San Cataldo, la puntualizzazione dell’ing. Paolo Iannello su un abuso edilizio ed il conseguente ricorso al Tar

In merito ad un articolo pubblicato dalla nostra testata, l’ingegnere Paolo Iannello ha inviato una nota che pubblichiamo, di seguito, integralmente.

Il sottoscritto ing. Iannello Paolo con riferimento all’articolo pubblicato nel vostro sito in data 16.03.2023 avente per titolo “ San Cataldo. Costi di sanzioni per difformità edilizia per il Tar vanno riferiti al momento dell’abuso e non a periodo successivo.” si rendono opportune  puntualizzazioni  e precisazioni allo  stesso  e precisamente nella parte in cui si afferma“… al fine di porre rimedio alle determinazioni del tutto illegittime adottate dall’allora Dirigente della 3° ripartizione Ing. Paolo Iannello” .

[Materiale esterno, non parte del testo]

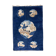 Ancient Chinese Peking handmade carpet 125cm x 189cm 1900s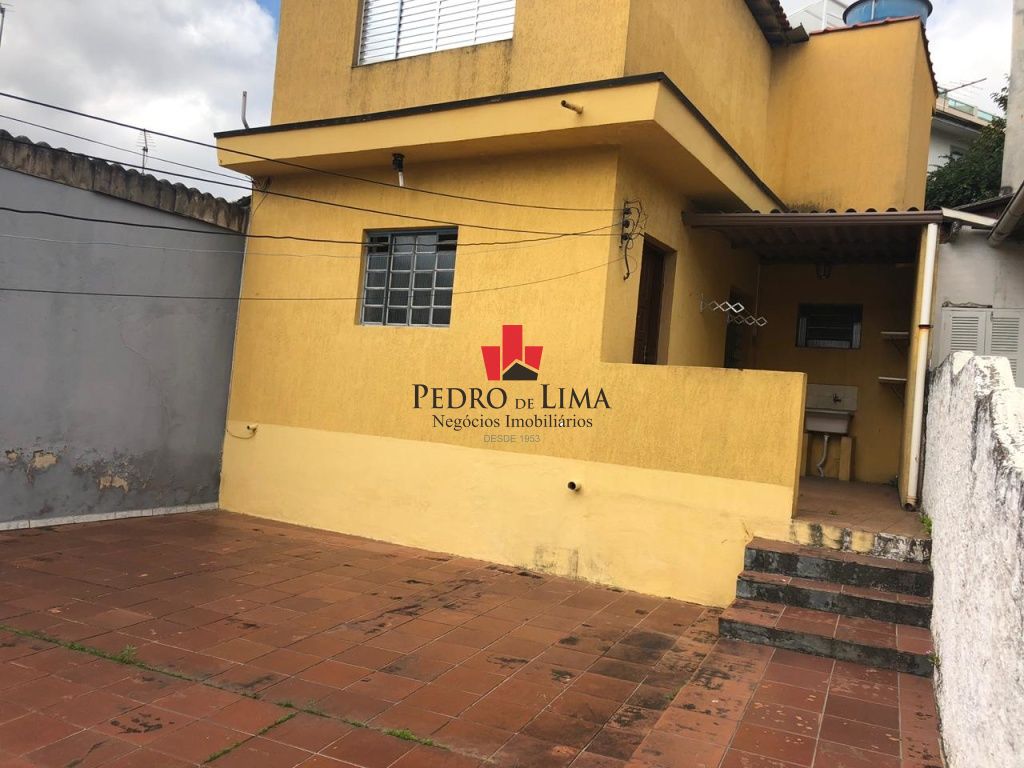 Casa com 3 quartos no Tatuapé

                Premesso che sono del tutto contento per la ricorrente che la vicenda si sia conclusa in modo favorevole per la stessa.

                Entrando nel merito della questione si puntualizza che la determinazione della sanzione , effettivamente spropositata rispetto all’abuso commesso peraltro non dalla ricorrente, è stata effettuata in base alle norme e all’uniforme orientamento giurisprudenziale vigente all’epoca -anno 2015-.secondo le quali avveniva in base al costo di produzione al momento  dell’ accertamento  dell’abuso.

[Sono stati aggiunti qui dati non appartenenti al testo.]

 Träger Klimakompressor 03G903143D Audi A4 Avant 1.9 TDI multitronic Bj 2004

                Soltanto da recente la giurisprudenza ha modificato il proprio orientamento nel senso che la sanzione va determinata alla data di realizzazione dell’abuso e non già all’atto dell’accertamento dello stesso. (cfr CdS n.4463/2021 e CdS n. 8170/2022 peraltro citate nel corpo della sentenza del Tar n.147/2023).

                A corroborare quanto sopra evidenziato sovviene il giudice del Tar che , in considerazione dei diversi orientamenti della giurisprudenza, ha compensato le spese tra le parti.

Pertanto alla luce di quanto sopra rappresentato ed evidenziato  la determinazione della sanzione all’epoca dei fatti ,pari al doppio del costo base di produzione, era perfettamente legittima  e corretta e solo per successivi orientamenti giurisprudenziali la stessa va rivista e determinata secondo la decisione del TAR.

La presente  a tutela delle mia professionalità con invito a volere porre rimedio a quanto erroneamente affermato nell’articolo sopra citato.